MID-4TH CENTURY B.C.

Details
A GREEK MARBLE FIGURE OF A PIG WITH INTESTINES BURSTING OUT
MID-4TH CENTURY B.C.
Running with legs outstretched and nose in the air, ears flattened back, the underside of the stomach hollowed out with intestines below being grasped by a hand, mounted
18 in. (46 cm.) long
Provenance
Acquired in the 1970s.
Special notice
No VAT will be charged on the hammer price, but VAT at 15% will be added to the buyer's premium which is invoiced on a VAT inclusive basis.

Lot Essay

The cults of Demeter were widespread in Greece, many of them being mystery cults connected with the cultivation and fertilisation of corn. The pig, originally perhaps the embodiment of Demeter or her daughter Persephone, was sacred to Demeter who was often shown carrying or accompanied by a pig. In mythology it is claimed that when Hades carried off Persephone, a swineherd called Eubouleos was with his herd on the spot where the chasm opened up and the swine, too, were engulfed when Hades vanished with Persephone. It is believed that Eubouleos became the first high priest of the Mysteries of Demeter at Eleusis.

The oldest of these Attic rites were the Thesmophoria which were celebrated in the autumn by women alone. The most important sanctuary was at Eleusis. The descent of Persephone into the lower world and, with joy, her return from the dead, was celebrated at this festival at which pigs, cakes and pine branches were thrown into a sacred cavern and their remains retrieved later to be placed on an altar; these were then distributed to the women in the belief that the fertility of the soil and of married women would be assured for the following year.

In the four-day celebrations in Athens before the pilgrimage to Eleusis the mystai-to-be had to bathe in the sea for purification and sacrifice a pig to Demeter.

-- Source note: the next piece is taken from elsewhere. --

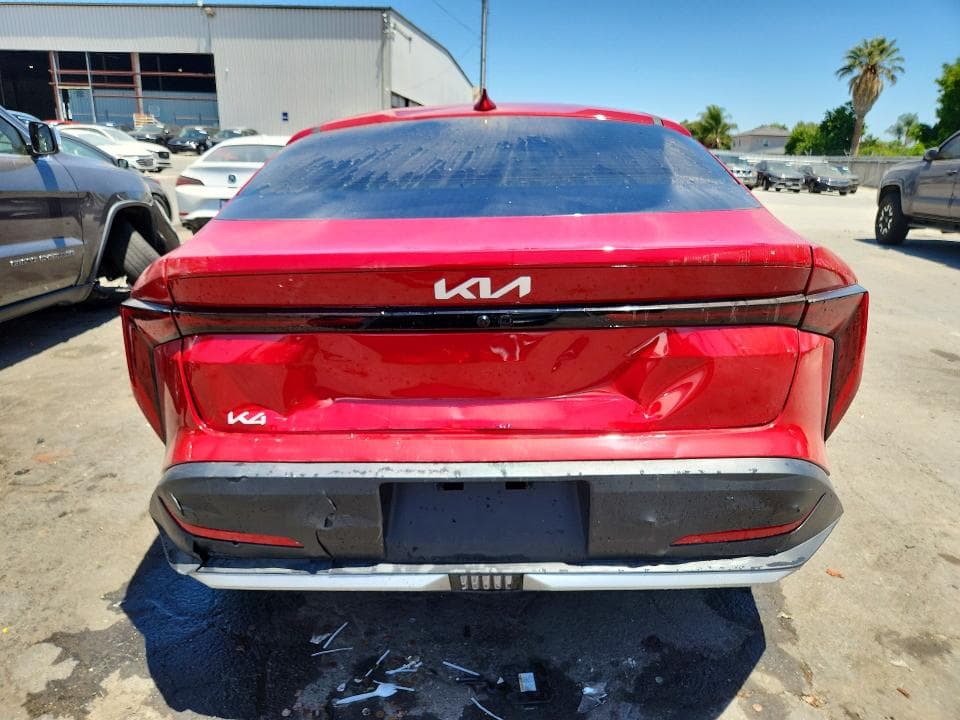 2025 KIA K4 EX 6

Marcus Tullius Cicero (143-106 B.C.) wrote in his De Legibus of the Greek mysteries of Eleusis, "Among the many excellent and divine institutions that your Athens has developed ... there is none in my opinion, better than these mysteries, by which we have been brought forth from our rustic and savage mode of existence, cultivated and refined to a state of civilization; and as these rites are called "initiations" so, in truth, we have learned from them the first principles of life and have gained the understanding, not only to live happily, but also to die with better hope".